#### What to work on:
Print every one of the records verbatim, omitting nothing.

#### Supplied data:
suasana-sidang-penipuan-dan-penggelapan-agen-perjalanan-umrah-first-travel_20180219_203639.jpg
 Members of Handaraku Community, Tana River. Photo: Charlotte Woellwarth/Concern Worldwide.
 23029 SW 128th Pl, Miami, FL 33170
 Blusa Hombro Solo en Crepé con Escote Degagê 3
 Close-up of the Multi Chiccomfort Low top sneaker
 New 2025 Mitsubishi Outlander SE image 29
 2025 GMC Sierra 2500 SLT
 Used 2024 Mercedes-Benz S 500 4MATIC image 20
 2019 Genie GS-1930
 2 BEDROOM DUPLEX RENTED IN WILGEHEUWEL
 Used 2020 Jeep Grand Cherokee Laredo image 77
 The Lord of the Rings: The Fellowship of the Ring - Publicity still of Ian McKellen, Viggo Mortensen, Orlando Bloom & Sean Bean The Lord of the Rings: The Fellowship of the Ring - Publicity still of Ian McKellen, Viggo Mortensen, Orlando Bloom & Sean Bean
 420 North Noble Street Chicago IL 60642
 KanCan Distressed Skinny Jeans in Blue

#### Answer for this exercise:
suasana-sidang-penipuan-dan-penggelapan-agen-perjalanan-umrah-first-travel_20180219_203639.jpg
 Members of Handaraku Community, Tana River. Photo: Charlotte Woellwarth/Concern Worldwide.
 23029 SW 128th Pl, Miami, FL 33170
 Blusa Hombro Solo en Crepé con Escote Degagê 3
 Close-up of the Multi Chiccomfort Low top sneaker
 New 2025 Mitsubishi Outlander SE image 29
 2025 GMC Sierra 2500 SLT
 Used 2024 Mercedes-Benz S 500 4MATIC image 20
 2019 Genie GS-1930
 2 BEDROOM DUPLEX RENTED IN WILGEHEUWEL
 Used 2020 Jeep Grand Cherokee Laredo image 77
 The Lord of the Rings: The Fellowship of the Ring - Publicity still of Ian McKellen, Viggo Mortensen, Orlando Bloom & Sean Bean The Lord of the Rings: The Fellowship of the Ring - Publicity still of Ian McKellen, Viggo Mortensen, Orlando Bloom & Sean Bean
 420 North Noble Street Chicago IL 60642
 KanCan Distressed Skinny Jeans in Blue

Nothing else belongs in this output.